Astoria police posted move-out notices Friday at homeless camps in the woods.
People staying in tents and shelters on city property and near Columbia Memorial Hospital will have until Tuesday to clean up their camps and find somewhere else to live.
The action comes after weeks of discussion at the City Council about what to do about the camps. City councilors voted to close a loophole in a “no camping” rule and include city-owned forestland. City leaders had believed forestland was already included in the rule and were surprised to find out otherwise.
But social service advocates and the homeless themselves say they have few options.
John Nordquist, who has been camping in the woods, said Friday he has no idea where he will go, and he is frustrated with the city.
“They’re exiling a class of people from the city,” he said as he watched police officers make their way to his tent. “Because we can’t sleep in town. We can’t sleep in the woods. Where do we go?”
A small protest downtown in October, led by homeless advocates and the homeless, asked the same question.

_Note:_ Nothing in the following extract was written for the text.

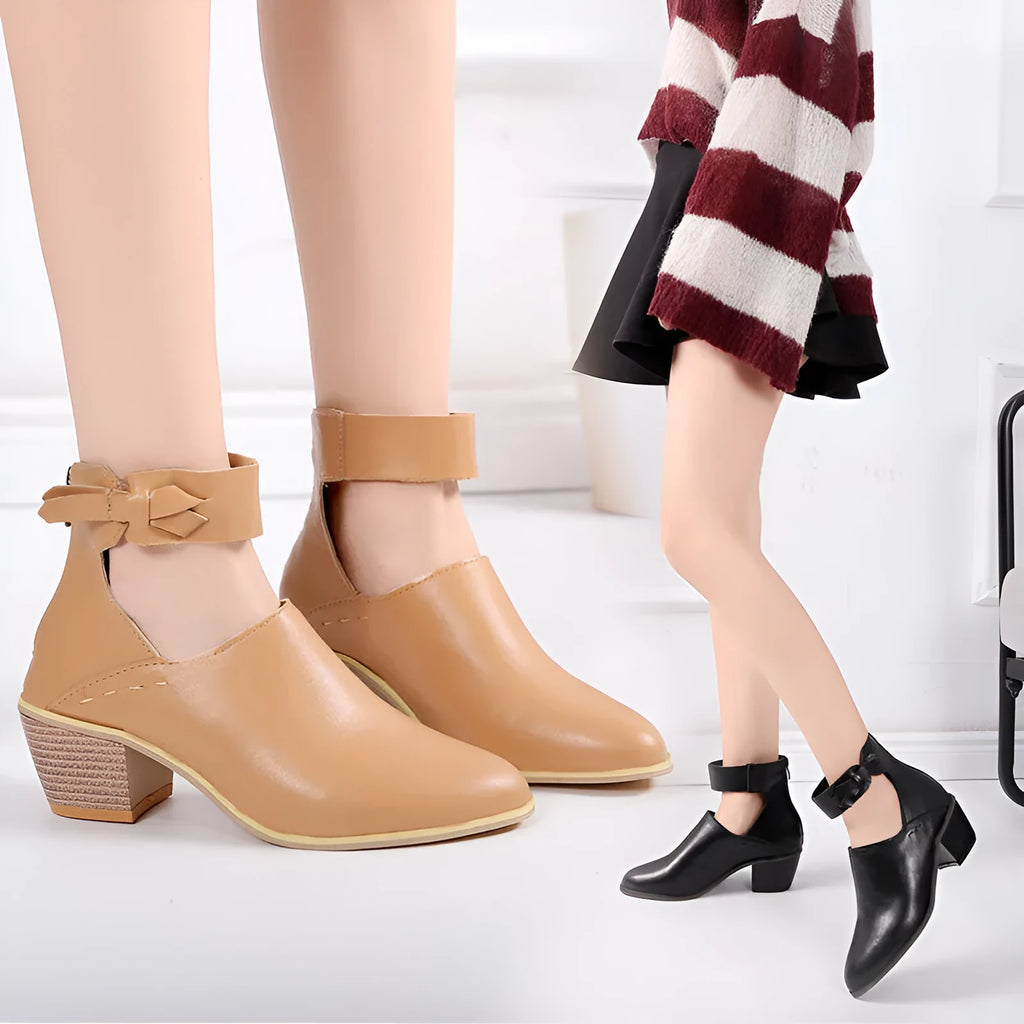 Vintage high heels woman ankle boots with round toe and middle heel in black artificial PU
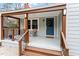 Cozy front porch with stylish lighting, seating, and a welcoming blue front door at 1606 James St, Durham, NC 27707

Nordquist and others in his situation say Astoria police have been respectful and communicative. In a procedure outlined by the City Council and groups that helped the city fine-tune and amend its “no camping” ordinance, Kenny Hansen, the police department’s homeless liaison officer, handed out packets of information about the different resources available to people along with the cleanup notice.
But many in the woods doubt groups like Clatsop Community Action or Helping Hands will be able to get them into housing anytime soon, certainly not in time to comply with the city’s timeline.
Helping Hand’s new re-entry facility in Uniontown is still under construction and participation in its programs comes with restrictions. Clatsop Community Action offers a variety of programs, but it is often a longer-term process to connect people with services and housing, especially when people come in without any sort of documentation or identification.
In some cases, the agency has been able to shelter people very quickly. But more often, it’s a process. “We can’t help people right away.” said Elaine Bruce, the agency’s executive director. “We can’t get them housed today, but we can help them get started on the process.”
For the agency, the key piece is engagement.
“They have to feel comfortable with us,” Bruce said. “A lot of people feel very uncomfortable or feel bad. There’s a lot of embarrassment sometimes with people who are homeless and we want to make them feel OK about seeking services.”
Vernon Hall, an advocate for the homeless who is homeless himself, has been working with Hansen and other police officers to communicate with the homeless people camping in the woods. He watched while Hansen and Nordquist talked Friday.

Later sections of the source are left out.